The intelligence agency has come under enormous pressure for collecting and storing virtually all U.S. citizens' phone records as part of a growing domestic mass surveillance and collection program that came to light through documents leaked by former NSA contractor Edward Snowden.
Having third parties such as phone companies hold the data is one of the proposals the NSA is exploring in the hope that if it reforms itself, Congress won't halt the bulk-collection program altogether, the officials told the Post.
"The phone companies would run the analytics and provide you the analysis: 'Hey, this bad guy is talking to this bad guy,'" a former intelligence official told the newspaper.
Having phone companies analyze phone records on the government's behalf may still raise privacy, cost and other concerns, the Post said.
A presidential panel looking into both foreign and domestic U.S. spy practices last month called for custody of the phone records, known as metadata, to be moved to the phone companies or another third party.
The NSA would be required under the proposal to get a court order from a secret national security court to search the phone records.
President Obama said after receiving the advisory panel's 46 recommendations he was open to requiring phone companies to store the records and allowing the government to search them under strict guidelines.
Obama is reviewing the panel's recommendations and has promised to lay out his own set of intelligence and surveillance reforms this month.
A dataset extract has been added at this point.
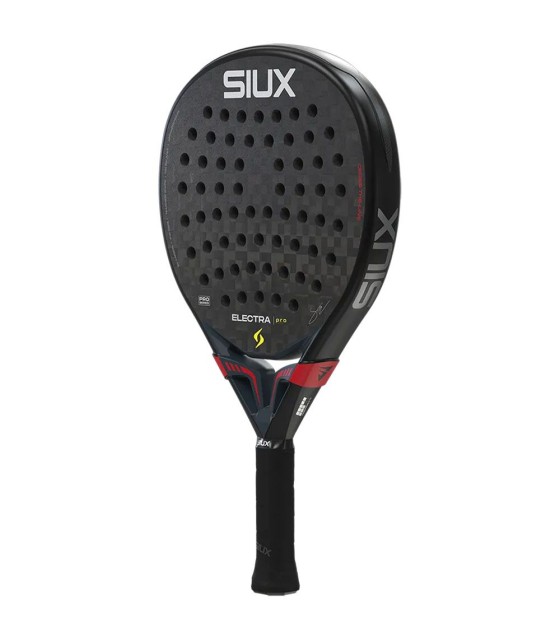 Padel sei sei Electra Pro Stupa 2026 Noir - Potenza e controllo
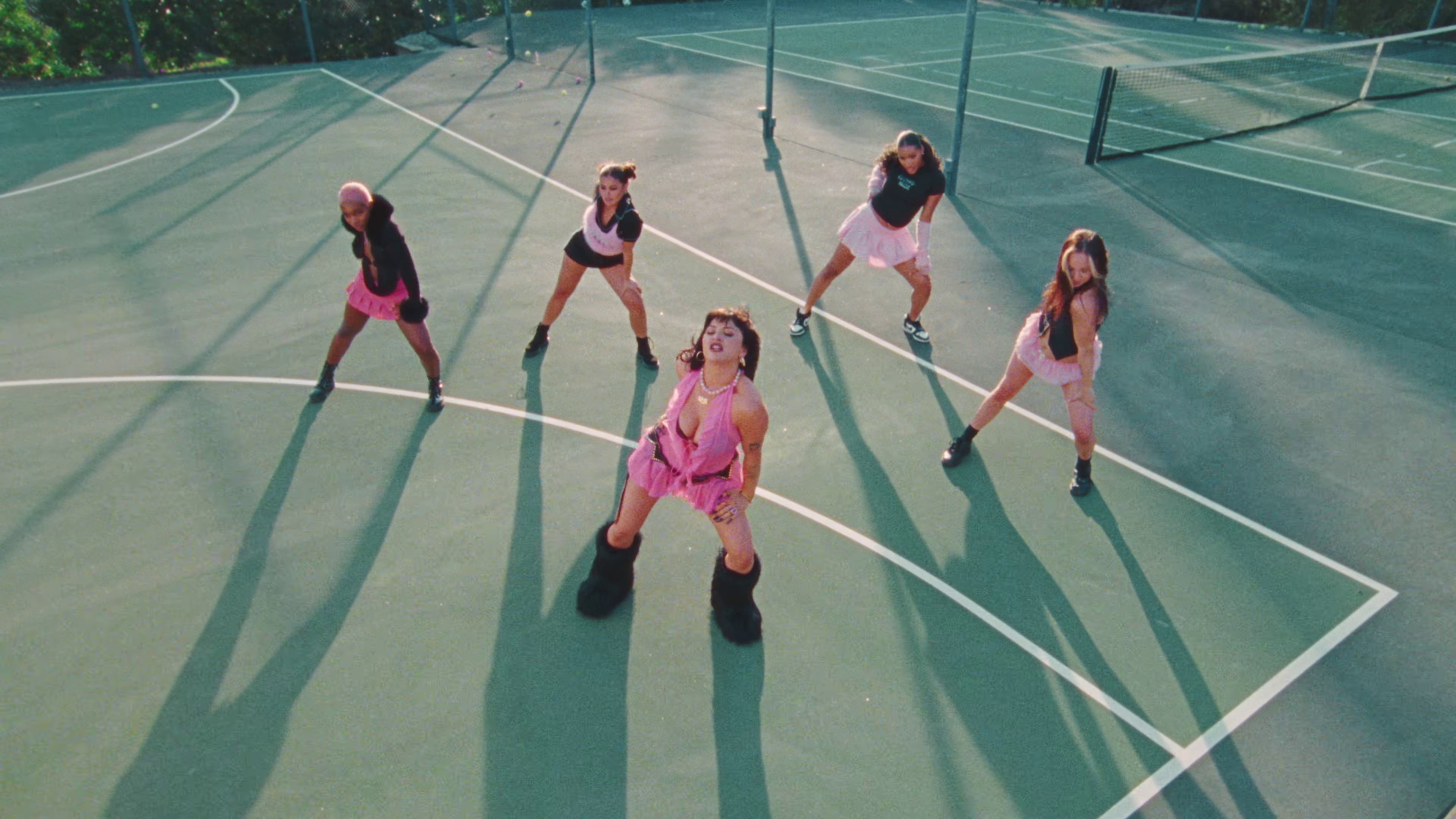 Breakthrough (2024) —  shot,  lighting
The Post said Wednesday he could do that as early as next week.
NSA Director Gen. Keith Alexander told the presidential panel the NSA was "seriously" considering "moving to a model in which the data are held by the private sector," a review group member told the newspaper.
But Alexander said a problem was, "No one else wanted it -- especially not the phone companies," the group member said.
Alexander described the matter as a "bit of a hot potato," the person said.
The phone companies say they don't want to be made to hold the data for the NSA longer than they normally would, the Post said.
They also say the stored records would likely become an attractive target for hackers.
One carrier said it would probably cost $50 million a year to maintain a five-year, searchable database, a company official told the Post two weeks ago.
Key senators who studied the private-sector idea -- including the option of paying the companies to keep the data -- have rejected it, the Post said.
Civil libertarians consider mandated phone-company or third-party storage an unacceptable "proxy" for the NSA's holding of the database.
White House National Security Council spokeswoman Caitlin Hayden said Obama would make his remarks about NSA reforms before he delivers his State of the Union address to Congress Jan. 28.
As of now, the White House is "continuing to study" the panel's report and gather ideas from the intelligence agencies and industry, she told the Post.